-- EXERCISE MATERIAL --

※

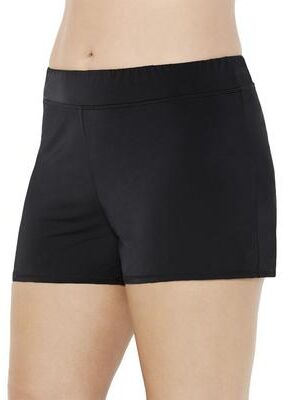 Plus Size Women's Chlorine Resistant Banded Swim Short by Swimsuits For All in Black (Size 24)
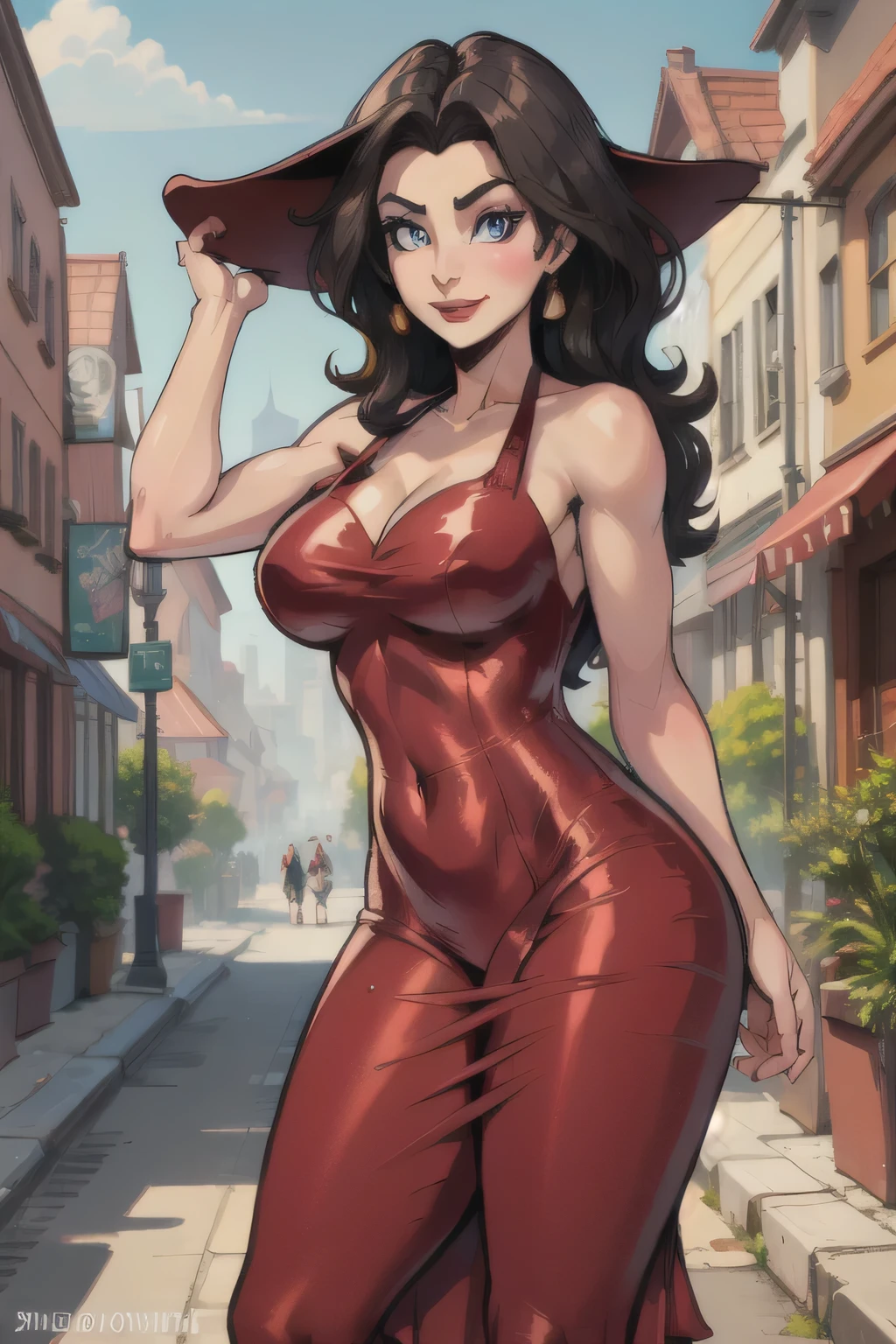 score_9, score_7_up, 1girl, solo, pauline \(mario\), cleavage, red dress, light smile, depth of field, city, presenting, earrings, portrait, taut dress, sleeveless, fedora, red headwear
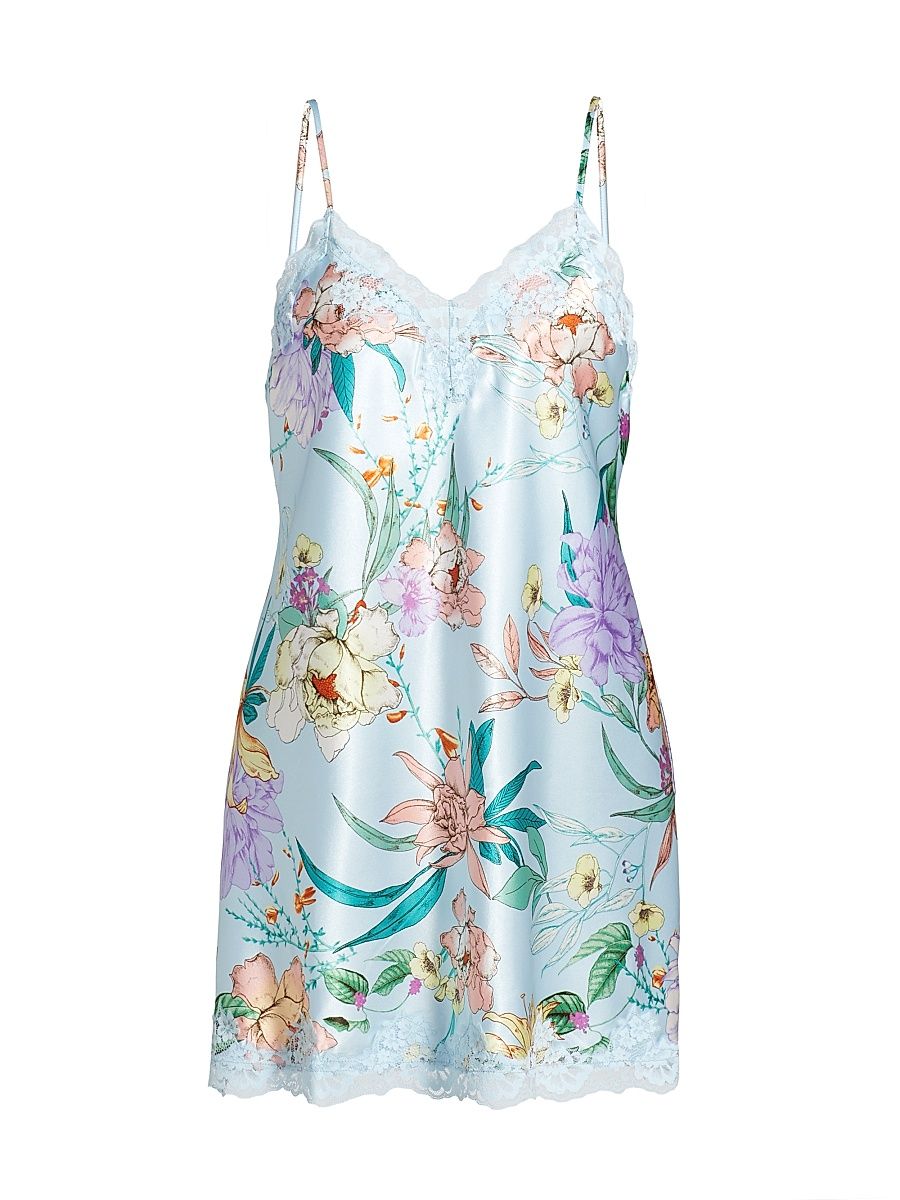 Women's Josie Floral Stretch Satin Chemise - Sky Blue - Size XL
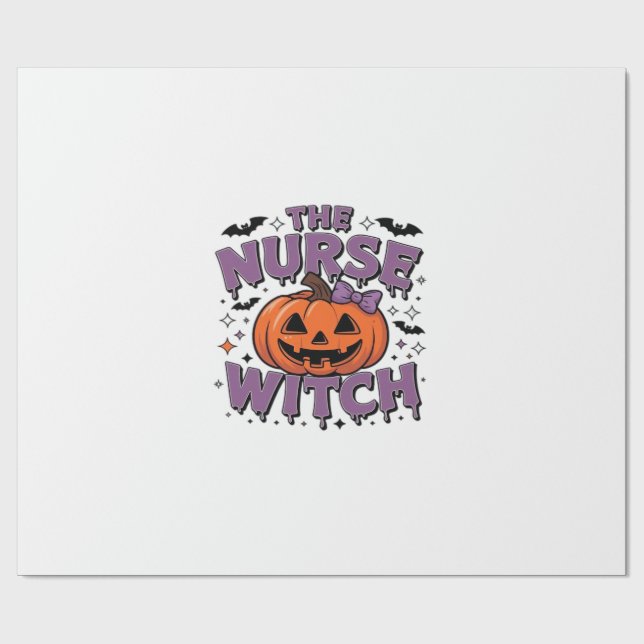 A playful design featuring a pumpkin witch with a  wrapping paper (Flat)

※

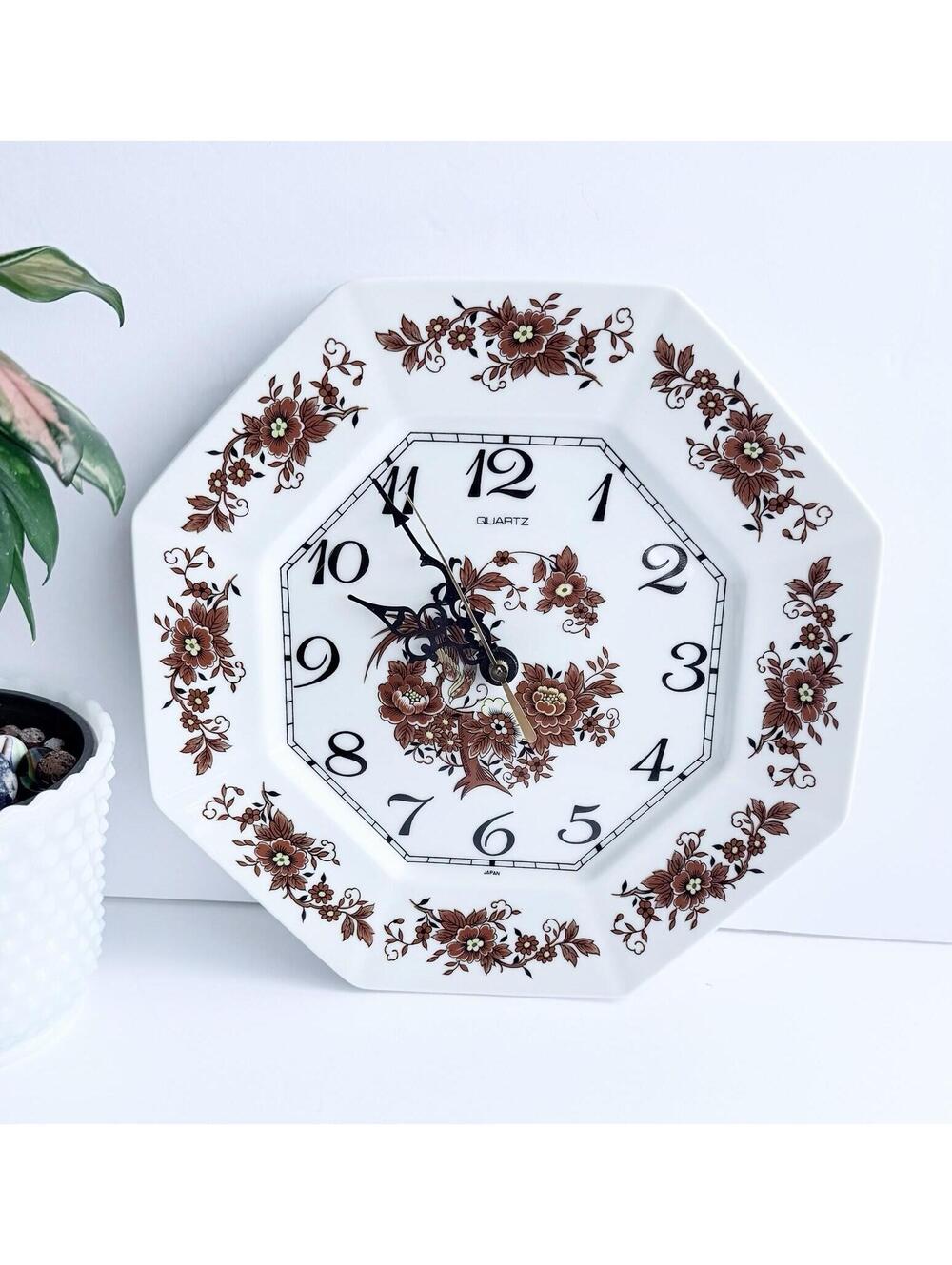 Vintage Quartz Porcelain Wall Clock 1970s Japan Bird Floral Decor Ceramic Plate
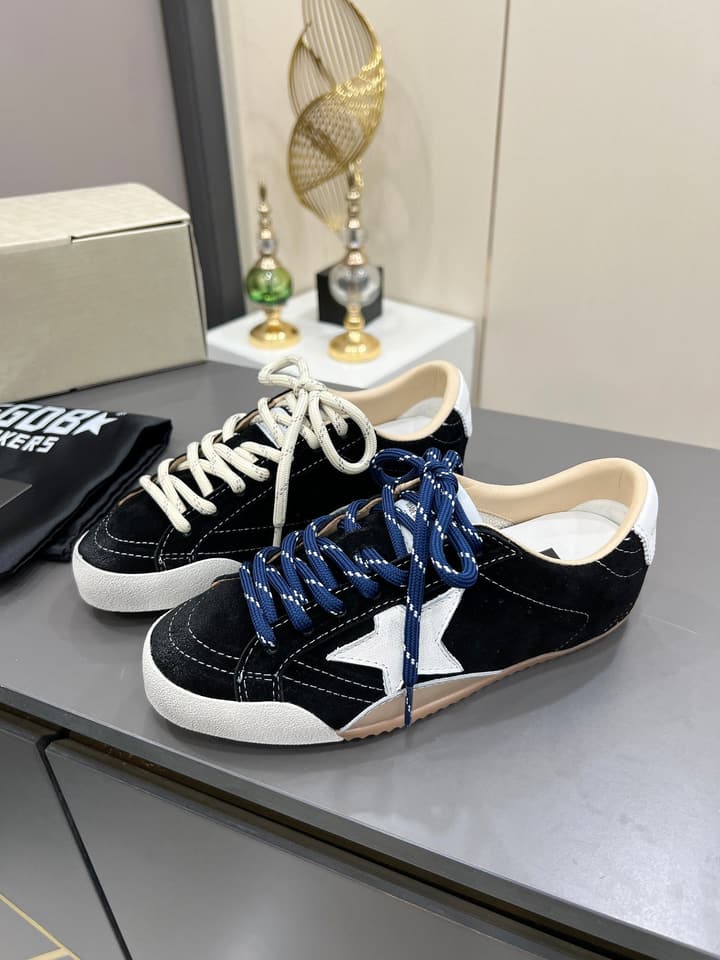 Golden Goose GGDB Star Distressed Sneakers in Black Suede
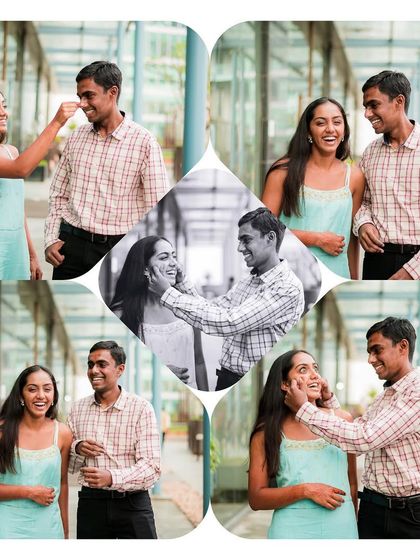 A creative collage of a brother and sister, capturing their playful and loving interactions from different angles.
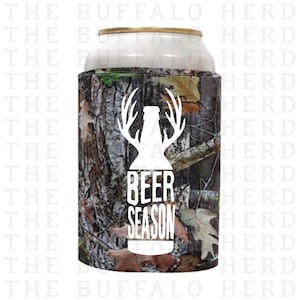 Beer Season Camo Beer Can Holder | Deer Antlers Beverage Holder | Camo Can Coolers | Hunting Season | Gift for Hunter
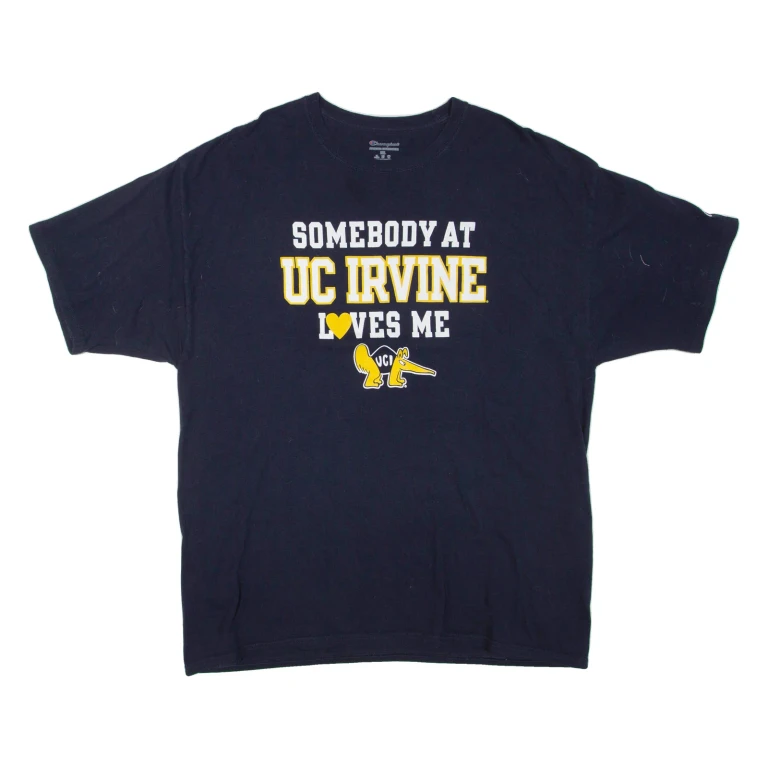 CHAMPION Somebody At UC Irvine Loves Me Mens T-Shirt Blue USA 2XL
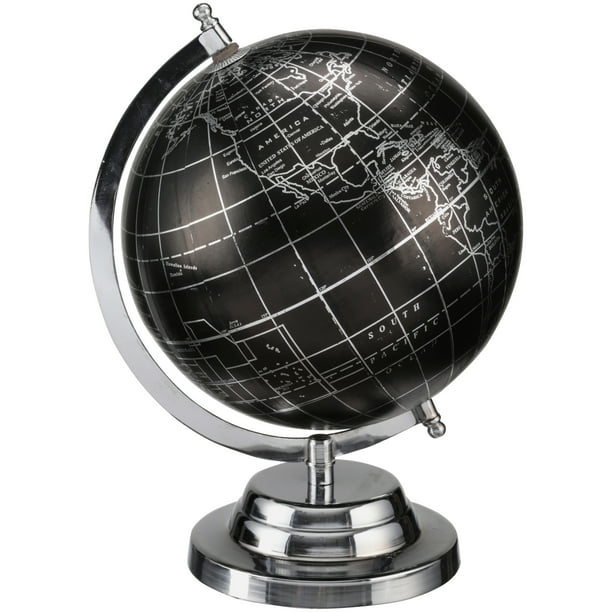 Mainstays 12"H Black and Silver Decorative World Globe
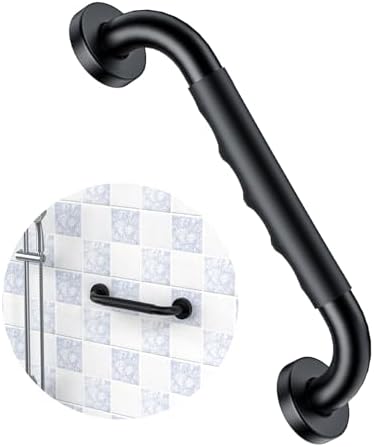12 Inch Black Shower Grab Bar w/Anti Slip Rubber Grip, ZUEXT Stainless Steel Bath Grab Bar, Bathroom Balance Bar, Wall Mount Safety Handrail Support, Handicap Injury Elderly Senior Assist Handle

※

-- ACTION ITEM --
Copy out the lines above from the line containing "Plus Size Women's" through the line containing "A playful design", exactly, and keep the pictures out.

-- SOLUTION FOR THIS PROBLEM --
 Plus Size Women's Chlorine Resistant Banded Swim Short by Swimsuits For All in Black (Size 24)
 score_9, score_7_up, 1girl, solo, pauline \(mario\), cleavage, red dress, light smile, depth of field, city, presenting, earrings, portrait, taut dress, sleeveless, fedora, red headwear
 Women's Josie Floral Stretch Satin Chemise - Sky Blue - Size XL
 A playful design featuring a pumpkin witch with a  wrapping paper (Flat)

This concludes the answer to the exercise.